Major trauma units are essential for providing life-saving and life-improving care for patients with major trauma. However, they also face various challenges and pressures, such as high demand, limited resources, complex logistics, and quality standards. To run more efficiently and cost-effectively, major trauma units need to implement and evaluate various strategies and solutions, based on the evidence and experience from different sources. Some of the possible strategies and solutions are:

  • Improving the pre-hospital triage and transfer of patients with major trauma, by using a validated triage tool, providing clinical advice, establishing clear protocols and pathways, minimizing the scene and transport times, and diverting patients who need intermediate care.
  • Improving the hospital organization and management of trauma services, by developing and implementing a trauma service plan, establishing and empowering a multidisciplinary trauma team, providing adequate and appropriate staffing, equipment, and facilities, developing and implementing standardized and evidence-based protocols and pathways, developing and implementing a comprehensive and consistent documentation system, and developing and implementing a robust and regular monitoring and audit system.
  • Improving the information and support provided to patients and families, by providing a designated and trained liaison person, providing a written and verbal information pack, providing regular and frequent updates and feedback, providing opportunities and channels for questions, opinions, concerns, or complaints, providing emotional and psychological support, and providing practical and financial support.

By implementing and evaluating these strategies and solutions, major trauma units can improve their efficiency and cost-effectiveness, without compromising the quality and safety of care.

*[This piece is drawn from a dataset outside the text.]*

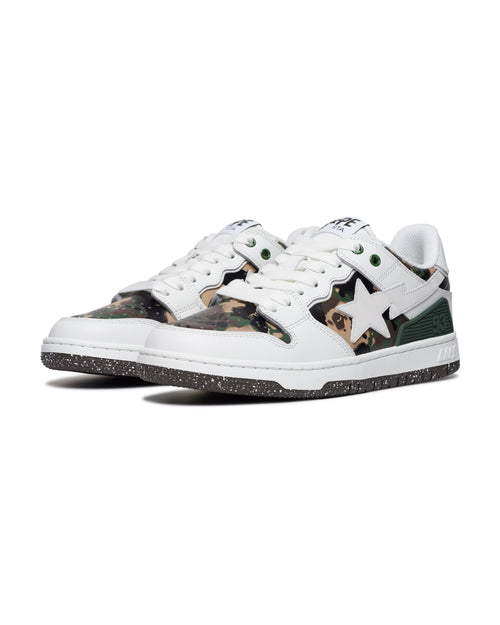 BAPE SK8 STA #2 M1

This can benefit not only the patients and families, but also the providers and the system, and ultimately, the society and the economy.

List of Facts and Figures Related to Major Trauma

  • Major trauma is a serious injury that can result in death or disability. It is the leading cause of death for people under the age of 45 in England, and the fourth leading cause of death overall.
  • Major trauma has significant economic and social costs, estimated at £3.3 billion per year in England, and £41 billion per year in the US.
  • Major trauma patients have a high risk of developing complications, such as infections, bleeding, organ failure, or psychological distress, which can increase the length of stay, the cost of care, and mortality and morbidity.
  • Major trauma patients have a high need for rehabilitation and long-term care, as many of them suffer from permanent impairments, disabilities, or reduced quality of life.
  • Major trauma care has improved significantly in the past decade, with the introduction of regional trauma networks, major trauma units, and trauma teams, which have reduced the mortality and morbidity of major trauma patients by 20-30%.
  • Major trauma care is still evolving and innovating, with the development of new technologies, techniques, and treatments, such as pre-hospital blood transfusion, damage control surgery, or telemedicine, which can further improve the outcomes and efficiency of major trauma care.